* _TASK REQUIREMENTS_
Could you give every record again, exactly as it reads?

* _RECORDED INFORMATION_
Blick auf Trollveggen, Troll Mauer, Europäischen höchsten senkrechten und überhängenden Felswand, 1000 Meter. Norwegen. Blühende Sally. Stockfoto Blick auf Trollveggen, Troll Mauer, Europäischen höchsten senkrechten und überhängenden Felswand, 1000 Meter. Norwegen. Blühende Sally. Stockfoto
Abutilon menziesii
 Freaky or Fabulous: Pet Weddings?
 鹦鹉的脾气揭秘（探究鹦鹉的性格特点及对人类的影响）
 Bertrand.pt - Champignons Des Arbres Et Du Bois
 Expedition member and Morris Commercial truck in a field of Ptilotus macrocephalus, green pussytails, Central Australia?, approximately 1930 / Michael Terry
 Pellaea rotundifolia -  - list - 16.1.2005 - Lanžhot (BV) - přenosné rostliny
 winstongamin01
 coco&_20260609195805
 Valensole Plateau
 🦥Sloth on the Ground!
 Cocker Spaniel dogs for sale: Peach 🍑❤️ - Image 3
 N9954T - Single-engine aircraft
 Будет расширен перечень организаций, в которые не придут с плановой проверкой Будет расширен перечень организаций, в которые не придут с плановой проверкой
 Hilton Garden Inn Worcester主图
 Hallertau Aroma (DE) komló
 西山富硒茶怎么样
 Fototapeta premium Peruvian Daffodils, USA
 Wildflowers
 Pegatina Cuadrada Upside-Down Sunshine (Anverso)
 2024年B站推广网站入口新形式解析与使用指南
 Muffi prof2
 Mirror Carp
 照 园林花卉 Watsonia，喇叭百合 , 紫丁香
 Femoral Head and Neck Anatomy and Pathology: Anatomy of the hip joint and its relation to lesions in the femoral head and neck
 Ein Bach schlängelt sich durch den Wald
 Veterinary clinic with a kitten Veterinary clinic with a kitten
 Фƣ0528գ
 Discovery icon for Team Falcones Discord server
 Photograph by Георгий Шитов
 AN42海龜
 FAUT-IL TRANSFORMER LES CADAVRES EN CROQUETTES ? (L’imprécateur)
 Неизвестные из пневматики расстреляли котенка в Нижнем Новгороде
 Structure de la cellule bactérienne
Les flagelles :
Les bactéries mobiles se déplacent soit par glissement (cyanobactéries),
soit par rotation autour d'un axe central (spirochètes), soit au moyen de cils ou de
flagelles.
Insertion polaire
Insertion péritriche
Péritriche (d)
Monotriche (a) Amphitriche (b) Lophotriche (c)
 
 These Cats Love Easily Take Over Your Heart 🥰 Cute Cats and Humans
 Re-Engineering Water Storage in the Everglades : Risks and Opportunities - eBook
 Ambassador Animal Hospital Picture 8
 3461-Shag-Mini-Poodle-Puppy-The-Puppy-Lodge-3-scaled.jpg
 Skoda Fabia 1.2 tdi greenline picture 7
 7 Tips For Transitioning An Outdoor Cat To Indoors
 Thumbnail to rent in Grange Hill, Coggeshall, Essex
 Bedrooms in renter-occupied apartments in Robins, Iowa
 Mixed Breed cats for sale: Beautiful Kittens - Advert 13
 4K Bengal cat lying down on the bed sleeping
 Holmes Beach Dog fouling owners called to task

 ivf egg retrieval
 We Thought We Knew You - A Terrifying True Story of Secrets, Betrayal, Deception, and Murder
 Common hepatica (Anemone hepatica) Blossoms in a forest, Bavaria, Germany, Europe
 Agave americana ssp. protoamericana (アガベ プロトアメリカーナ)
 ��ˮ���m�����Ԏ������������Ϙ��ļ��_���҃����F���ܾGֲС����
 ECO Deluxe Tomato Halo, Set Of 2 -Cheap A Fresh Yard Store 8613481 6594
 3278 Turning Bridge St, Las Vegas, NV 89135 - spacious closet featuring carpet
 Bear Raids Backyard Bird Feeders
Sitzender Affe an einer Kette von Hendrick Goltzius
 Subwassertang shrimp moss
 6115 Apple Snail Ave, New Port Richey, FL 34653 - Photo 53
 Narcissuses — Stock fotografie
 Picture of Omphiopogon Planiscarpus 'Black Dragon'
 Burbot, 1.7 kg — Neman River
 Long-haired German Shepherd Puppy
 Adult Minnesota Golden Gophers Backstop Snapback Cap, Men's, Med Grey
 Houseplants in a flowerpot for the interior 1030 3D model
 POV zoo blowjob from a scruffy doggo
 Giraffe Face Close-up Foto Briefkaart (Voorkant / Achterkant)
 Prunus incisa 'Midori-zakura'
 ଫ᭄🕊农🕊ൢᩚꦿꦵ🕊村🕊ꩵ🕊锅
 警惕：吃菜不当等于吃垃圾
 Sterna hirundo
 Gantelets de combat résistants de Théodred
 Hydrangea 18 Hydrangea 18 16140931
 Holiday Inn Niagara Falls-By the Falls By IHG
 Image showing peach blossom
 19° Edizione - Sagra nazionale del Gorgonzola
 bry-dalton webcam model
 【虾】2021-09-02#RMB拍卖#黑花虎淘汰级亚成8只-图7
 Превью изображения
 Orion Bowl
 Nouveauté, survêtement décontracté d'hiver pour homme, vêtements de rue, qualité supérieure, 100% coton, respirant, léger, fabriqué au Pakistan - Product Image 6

* _SOLVED EXERCISE_
Blick auf Trollveggen, Troll Mauer, Europäischen höchsten senkrechten und überhängenden Felswand, 1000 Meter. Norwegen. Blühende Sally. Stockfoto Blick auf Trollveggen, Troll Mauer, Europäischen höchsten senkrechten und überhängenden Felswand, 1000 Meter. Norwegen. Blühende Sally. Stockfoto
Abutilon menziesii
 Freaky or Fabulous: Pet Weddings?
 鹦鹉的脾气揭秘（探究鹦鹉的性格特点及对人类的影响）
 Bertrand.pt - Champignons Des Arbres Et Du Bois
 Expedition member and Morris Commercial truck in a field of Ptilotus macrocephalus, green pussytails, Central Australia?, approximately 1930 / Michael Terry
 Pellaea rotundifolia -  - list - 16.1.2005 - Lanžhot (BV) - přenosné rostliny
 winstongamin01
 coco&_20260609195805
 Valensole Plateau
 🦥Sloth on the Ground!
 Cocker Spaniel dogs for sale: Peach 🍑❤️ - Image 3
 N9954T - Single-engine aircraft
 Будет расширен перечень организаций, в которые не придут с плановой проверкой Будет расширен перечень организаций, в которые не придут с плановой проверкой
 Hilton Garden Inn Worcester主图
 Hallertau Aroma (DE) komló
 西山富硒茶怎么样
 Fototapeta premium Peruvian Daffodils, USA
 Wildflowers
 Pegatina Cuadrada Upside-Down Sunshine (Anverso)
 2024年B站推广网站入口新形式解析与使用指南
 Muffi prof2
 Mirror Carp
 照 园林花卉 Watsonia，喇叭百合 , 紫丁香
 Femoral Head and Neck Anatomy and Pathology: Anatomy of the hip joint and its relation to lesions in the femoral head and neck
 Ein Bach schlängelt sich durch den Wald
 Veterinary clinic with a kitten Veterinary clinic with a kitten
 Фƣ0528գ
 Discovery icon for Team Falcones Discord server
 Photograph by Георгий Шитов
 AN42海龜
 FAUT-IL TRANSFORMER LES CADAVRES EN CROQUETTES ? (L’imprécateur)
 Неизвестные из пневматики расстреляли котенка в Нижнем Новгороде
 Structure de la cellule bactérienne
Les flagelles :
Les bactéries mobiles se déplacent soit par glissement (cyanobactéries),
soit par rotation autour d'un axe central (spirochètes), soit au moyen de cils ou de
flagelles.
Insertion polaire
Insertion péritriche
Péritriche (d)
Monotriche (a) Amphitriche (b) Lophotriche (c)
 
 These Cats Love Easily Take Over Your Heart 🥰 Cute Cats and Humans
 Re-Engineering Water Storage in the Everglades : Risks and Opportunities - eBook
 Ambassador Animal Hospital Picture 8
 3461-Shag-Mini-Poodle-Puppy-The-Puppy-Lodge-3-scaled.jpg
 Skoda Fabia 1.2 tdi greenline picture 7
 7 Tips For Transitioning An Outdoor Cat To Indoors
 Thumbnail to rent in Grange Hill, Coggeshall, Essex
 Bedrooms in renter-occupied apartments in Robins, Iowa
 Mixed Breed cats for sale: Beautiful Kittens - Advert 13
 4K Bengal cat lying down on the bed sleeping
 Holmes Beach Dog fouling owners called to task

 ivf egg retrieval
 We Thought We Knew You - A Terrifying True Story of Secrets, Betrayal, Deception, and Murder
 Common hepatica (Anemone hepatica) Blossoms in a forest, Bavaria, Germany, Europe
 Agave americana ssp. protoamericana (アガベ プロトアメリカーナ)
 ��ˮ���m�����Ԏ������������Ϙ��ļ��_���҃����F���ܾGֲС����
 ECO Deluxe Tomato Halo, Set Of 2 -Cheap A Fresh Yard Store 8613481 6594
 3278 Turning Bridge St, Las Vegas, NV 89135 - spacious closet featuring carpet
 Bear Raids Backyard Bird Feeders
Sitzender Affe an einer Kette von Hendrick Goltzius
 Subwassertang shrimp moss
 6115 Apple Snail Ave, New Port Richey, FL 34653 - Photo 53
 Narcissuses — Stock fotografie
 Picture of Omphiopogon Planiscarpus 'Black Dragon'
 Burbot, 1.7 kg — Neman River
 Long-haired German Shepherd Puppy
 Adult Minnesota Golden Gophers Backstop Snapback Cap, Men's, Med Grey
 Houseplants in a flowerpot for the interior 1030 3D model
 POV zoo blowjob from a scruffy doggo
 Giraffe Face Close-up Foto Briefkaart (Voorkant / Achterkant)
 Prunus incisa 'Midori-zakura'
 ଫ᭄🕊农🕊ൢᩚꦿꦵ🕊村🕊ꩵ🕊锅
 警惕：吃菜不当等于吃垃圾
 Sterna hirundo
 Gantelets de combat résistants de Théodred
 Hydrangea 18 Hydrangea 18 16140931
 Holiday Inn Niagara Falls-By the Falls By IHG
 Image showing peach blossom
 19° Edizione - Sagra nazionale del Gorgonzola
 bry-dalton webcam model
 【虾】2021-09-02#RMB拍卖#黑花虎淘汰级亚成8只-图7
 Превью изображения
 Orion Bowl
 Nouveauté, survêtement décontracté d'hiver pour homme, vêtements de rue, qualité supérieure, 100% coton, respirant, léger, fabriqué au Pakistan - Product Image 6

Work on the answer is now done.